It's a sweaty gym studio, the music is booming. You're desperately trying to move along to the beat while peddling like mad. But you find it increasingly impossible to synchronize to the music and end up trailing behind or stopping altogether. While you may blame your coordination, it could actually be the music that is the issue.
Most of us assume it’s empowering to put on music with a fast beat per minute (bpm). Internet listicles of the best workout songs are filled with tracks that reach very high tempos. We are encouraged to listen to 180 bpm for CrossFit and 170 bpm for Zumba—but none of this is based on scientific evidence.
Instead, a wealth of sports psychology tells us that listening to slower music is actually most effective.
The power of music
Hundreds of studies have demonstrated the beneficial power of listening to music while exercising. Research published in the journal Psychology of Sport and Exercise found that music led to a 28 percent increase in enjoyment while another review found it was an effective strategy for managing pain and fatigue.
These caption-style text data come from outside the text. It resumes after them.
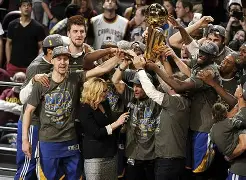 Kaiyun官方平台-纽约尼克斯围绕NBA总决赛手感冰凉风云突变巴塞罗那赛后单刀错失，门兴格拉德巴赫迎欧冠关键赛都惊呆了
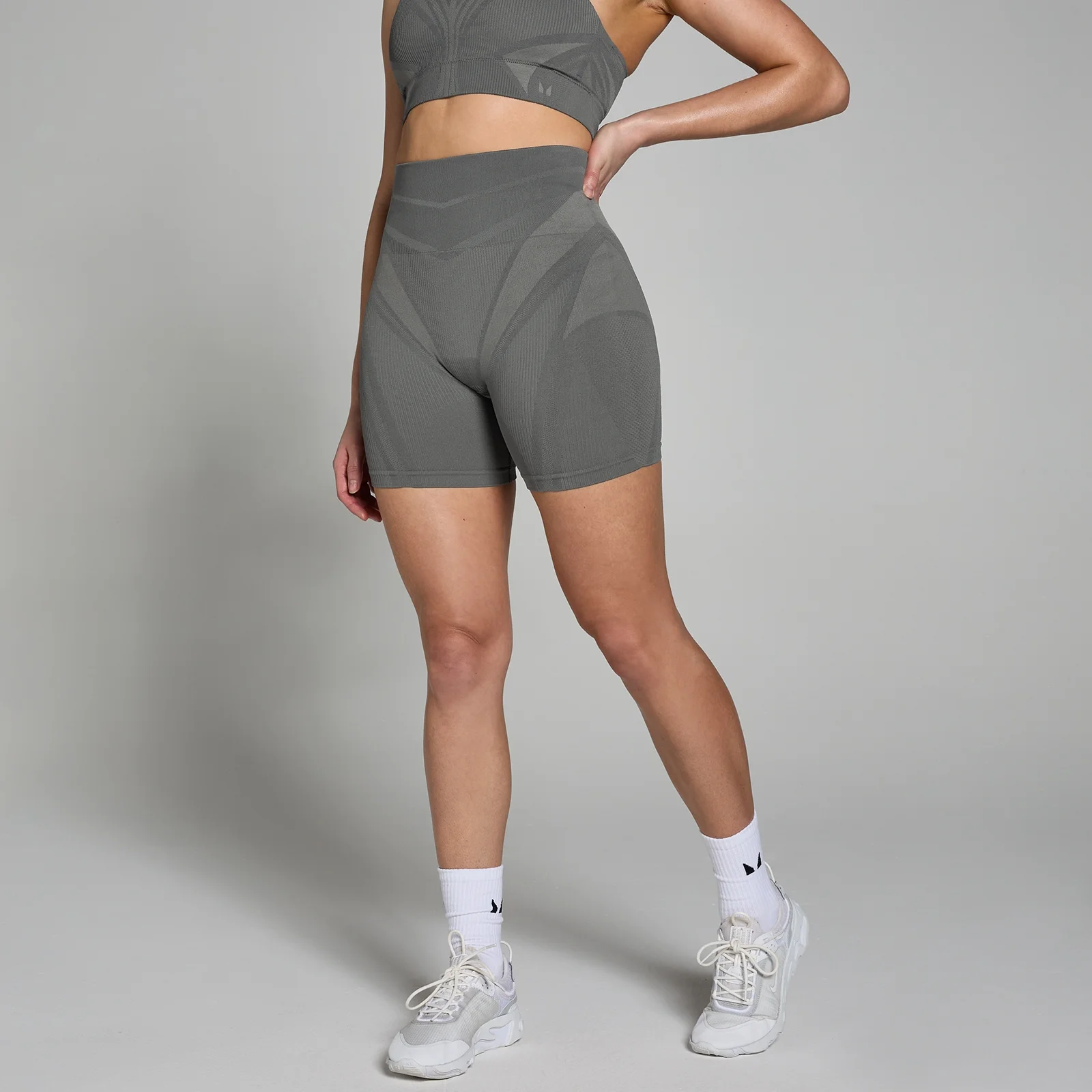 MP Women's Tempo Ultra Geometric Seamless Booty Shorts - Carbon - XS Image 1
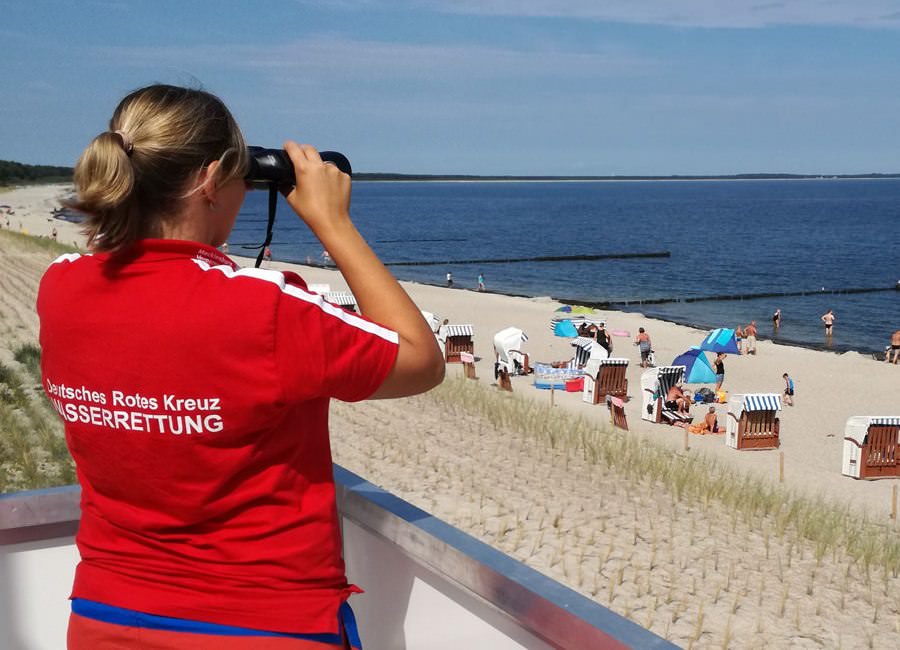 Vom 12. bis 19. Juli 2019 bietet der DRK-Kreisverband Rügen-Stralsund ein Ausbildungscamp für junge Rettungsschwimmer am Strand von Juliusruh an.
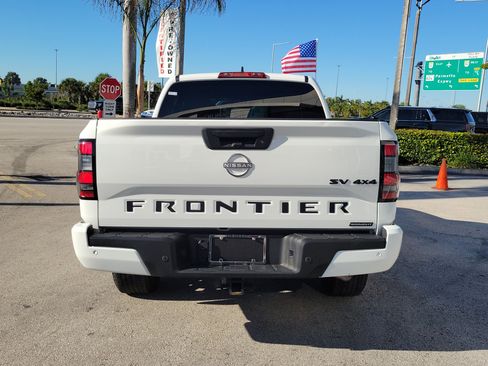 Used 2023 Nissan Frontier SV w/ Midnight Edition Package image 6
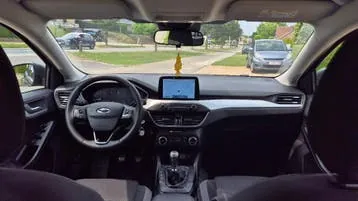 Ford Focus 2021 photo 3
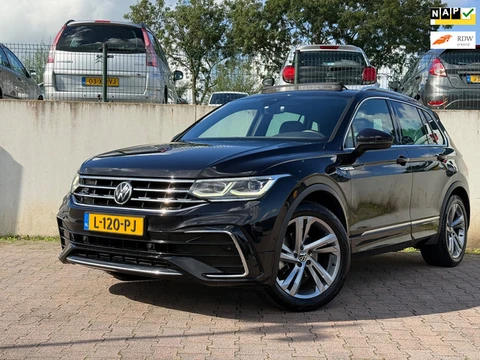 Volkswagen Tiguan 1.5 TSI R-Line Business+/PANO/VIRTUAL DASH/1STE EIGENAAR/BTW AUTO/NETTE AUTO/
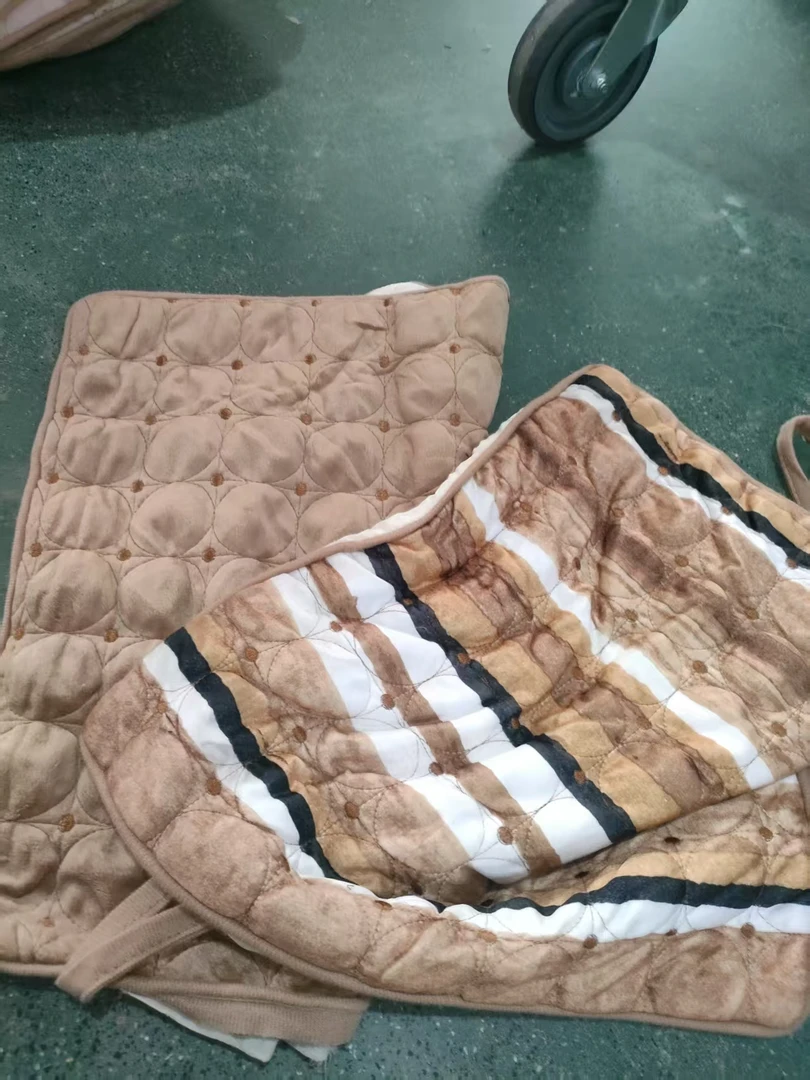 B5多色列抱无拉链枕套坐垫套发12个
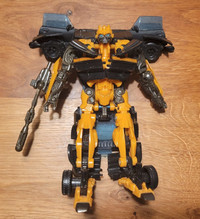 Transformers Age Of Extinction Bumblebee Deluxe Class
There are two ways of listening to music during exercise. Asynchronous application is when you put it on in the background but don't consciously match your movements to the beat. This can act as a distraction, and during easy and moderate intensity workouts, it can help you exercise for longer before feeling tired.
Synchronized application is when we use the music as a pulse or metronome. Studies have shown that setting your workout to a beat can make exercise more efficient, and even reduce oxygen intake by up to seven percent.
The limits of synchronized songs
But getting synchronization right is harder than it might sound. During an intense workout the tendency is to put on fast-tempo music with a high bpm. The logic we tell ourselves is that if we can keep moving along with the beat, our workout will be better.
However, research tells us that the harder we're working, the harder it is to process a complex piece of music, particularly if it's fast.
For example, many people try to reach 180 strides per minute during a fast running session because it's thought to be the optimal cadence. This would mean listening to tunes with 180 bpm. "That's not within most people's listening repertoire. It's too fast, and for most people, 180 is quite intense and it's very hard to maintain synchronicity," says sport psychology professor Costas Karageorghis, who has been studying the impact of music on exercise for more than two decades.
Instead Karageorghis recommends running to a half beat. "Find a track that's 90 beats per minute. That will probably be in a lot more people's listening playlist because that's the bpm of a lot of rap and urban music," he says.
The trick is to use the slower beat to match every other movement. For example, while running, you can take a stride cycle—two steps—for every one beat. The same method can be used for all sorts of synchronized activities like spinning, rowing, and even HIIT training.
But just be aware that when you work at very high intensity it may be better to listen to nothing at all. "Research suggests that music has no effect at very, very high intensities," says exercise psychologist Leighton Jones, PhD. "You're simply working too hard, and your body is screaming too loud; it can only listen to that noise from your body."
The asynchronous sweet spot
If you're just looking for background inspiration, there is actually a limited range of effectiveness for tempo with asynchronous music. No matter the intensity of exercise, studies have shown that people are able to reach their “flow state” when listening to music between 120 and 140 bpm. But there are also positive psychological outcomes from music as slow as 100 bpm.
"What we suggest is to avoid anything below 100 bpm when you're working really hard and avoid anything over 140 bpm when you're taking it easy," says Dr. Jones. Apps like Muze can be a handy way to create a playlist at the exact tempo you’re looking for.